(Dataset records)
-.-.-
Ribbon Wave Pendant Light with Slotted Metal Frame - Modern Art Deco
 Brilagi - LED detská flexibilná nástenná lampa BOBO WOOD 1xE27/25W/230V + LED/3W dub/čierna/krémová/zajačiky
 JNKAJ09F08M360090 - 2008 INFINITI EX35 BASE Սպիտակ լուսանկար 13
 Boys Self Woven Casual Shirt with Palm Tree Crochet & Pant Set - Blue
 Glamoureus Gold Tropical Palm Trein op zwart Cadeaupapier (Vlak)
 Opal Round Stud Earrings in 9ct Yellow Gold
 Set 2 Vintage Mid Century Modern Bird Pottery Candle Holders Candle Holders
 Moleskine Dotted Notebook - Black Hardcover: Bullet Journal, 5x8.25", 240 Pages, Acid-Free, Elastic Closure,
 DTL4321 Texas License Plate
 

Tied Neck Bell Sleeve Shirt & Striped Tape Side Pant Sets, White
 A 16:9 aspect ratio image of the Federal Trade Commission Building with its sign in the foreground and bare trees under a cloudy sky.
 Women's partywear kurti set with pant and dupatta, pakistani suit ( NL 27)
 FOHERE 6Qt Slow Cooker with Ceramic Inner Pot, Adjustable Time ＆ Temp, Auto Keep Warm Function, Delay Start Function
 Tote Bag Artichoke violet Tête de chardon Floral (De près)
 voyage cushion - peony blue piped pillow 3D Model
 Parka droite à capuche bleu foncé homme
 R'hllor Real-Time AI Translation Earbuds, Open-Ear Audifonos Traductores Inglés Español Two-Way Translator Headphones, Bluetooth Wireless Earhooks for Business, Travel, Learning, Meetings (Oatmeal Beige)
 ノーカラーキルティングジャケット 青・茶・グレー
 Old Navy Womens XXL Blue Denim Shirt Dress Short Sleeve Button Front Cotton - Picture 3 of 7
-.-.-
Task details -> Your reply must be the entries above, returned word for word.

Exercise result ->
Ribbon Wave Pendant Light with Slotted Metal Frame - Modern Art Deco
 Brilagi - LED detská flexibilná nástenná lampa BOBO WOOD 1xE27/25W/230V + LED/3W dub/čierna/krémová/zajačiky
 JNKAJ09F08M360090 - 2008 INFINITI EX35 BASE Սպիտակ լուսանկար 13
 Boys Self Woven Casual Shirt with Palm Tree Crochet & Pant Set - Blue
 Glamoureus Gold Tropical Palm Trein op zwart Cadeaupapier (Vlak)
 Opal Round Stud Earrings in 9ct Yellow Gold
 Set 2 Vintage Mid Century Modern Bird Pottery Candle Holders Candle Holders
 Moleskine Dotted Notebook - Black Hardcover: Bullet Journal, 5x8.25", 240 Pages, Acid-Free, Elastic Closure,
 DTL4321 Texas License Plate
 

Tied Neck Bell Sleeve Shirt & Striped Tape Side Pant Sets, White
 A 16:9 aspect ratio image of the Federal Trade Commission Building with its sign in the foreground and bare trees under a cloudy sky.
 Women's partywear kurti set with pant and dupatta, pakistani suit ( NL 27)
 FOHERE 6Qt Slow Cooker with Ceramic Inner Pot, Adjustable Time ＆ Temp, Auto Keep Warm Function, Delay Start Function
 Tote Bag Artichoke violet Tête de chardon Floral (De près)
 voyage cushion - peony blue piped pillow 3D Model
 Parka droite à capuche bleu foncé homme
 R'hllor Real-Time AI Translation Earbuds, Open-Ear Audifonos Traductores Inglés Español Two-Way Translator Headphones, Bluetooth Wireless Earhooks for Business, Travel, Learning, Meetings (Oatmeal Beige)
 ノーカラーキルティングジャケット 青・茶・グレー
 Old Navy Womens XXL Blue Denim Shirt Dress Short Sleeve Button Front Cotton - Picture 3 of 7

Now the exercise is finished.